**Requirement**
Return only the final portion of the entries: the line with "Ct256m4ssd2 sales" and every line after it, each one exact.

**Data for the task**
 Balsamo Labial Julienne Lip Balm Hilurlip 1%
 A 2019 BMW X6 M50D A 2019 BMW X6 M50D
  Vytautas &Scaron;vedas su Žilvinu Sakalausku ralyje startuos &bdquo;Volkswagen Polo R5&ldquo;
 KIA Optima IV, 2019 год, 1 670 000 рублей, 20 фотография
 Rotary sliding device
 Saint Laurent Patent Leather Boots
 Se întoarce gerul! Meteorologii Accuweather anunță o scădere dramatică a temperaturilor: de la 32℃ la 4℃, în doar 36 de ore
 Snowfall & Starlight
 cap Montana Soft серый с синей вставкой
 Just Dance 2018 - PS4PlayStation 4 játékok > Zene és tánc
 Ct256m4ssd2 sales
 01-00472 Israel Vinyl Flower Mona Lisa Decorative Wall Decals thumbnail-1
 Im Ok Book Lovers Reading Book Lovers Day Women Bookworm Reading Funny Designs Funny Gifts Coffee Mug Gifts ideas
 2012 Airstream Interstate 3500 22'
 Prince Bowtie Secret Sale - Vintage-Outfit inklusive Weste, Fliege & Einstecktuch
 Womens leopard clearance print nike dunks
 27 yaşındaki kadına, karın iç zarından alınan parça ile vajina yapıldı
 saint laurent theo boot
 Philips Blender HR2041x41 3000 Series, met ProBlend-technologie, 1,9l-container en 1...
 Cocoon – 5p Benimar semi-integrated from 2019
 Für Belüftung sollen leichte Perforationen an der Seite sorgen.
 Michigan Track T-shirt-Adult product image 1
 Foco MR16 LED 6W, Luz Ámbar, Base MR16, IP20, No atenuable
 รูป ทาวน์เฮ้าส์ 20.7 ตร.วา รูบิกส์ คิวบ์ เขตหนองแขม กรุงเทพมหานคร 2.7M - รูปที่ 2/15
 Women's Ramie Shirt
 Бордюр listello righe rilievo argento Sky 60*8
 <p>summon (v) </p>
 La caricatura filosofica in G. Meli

**Answer to this task**
 Ct256m4ssd2 sales
 01-00472 Israel Vinyl Flower Mona Lisa Decorative Wall Decals thumbnail-1
 Im Ok Book Lovers Reading Book Lovers Day Women Bookworm Reading Funny Designs Funny Gifts Coffee Mug Gifts ideas
 2012 Airstream Interstate 3500 22'
 Prince Bowtie Secret Sale - Vintage-Outfit inklusive Weste, Fliege & Einstecktuch
 Womens leopard clearance print nike dunks
 27 yaşındaki kadına, karın iç zarından alınan parça ile vajina yapıldı
 saint laurent theo boot
 Philips Blender HR2041x41 3000 Series, met ProBlend-technologie, 1,9l-container en 1...
 Cocoon – 5p Benimar semi-integrated from 2019
 Für Belüftung sollen leichte Perforationen an der Seite sorgen.
 Michigan Track T-shirt-Adult product image 1
 Foco MR16 LED 6W, Luz Ámbar, Base MR16, IP20, No atenuable
 รูป ทาวน์เฮ้าส์ 20.7 ตร.วา รูบิกส์ คิวบ์ เขตหนองแขม กรุงเทพมหานคร 2.7M - รูปที่ 2/15
 Women's Ramie Shirt
 Бордюр listello righe rilievo argento Sky 60*8
 <p>summon (v) </p>
 La caricatura filosofica in G. Meli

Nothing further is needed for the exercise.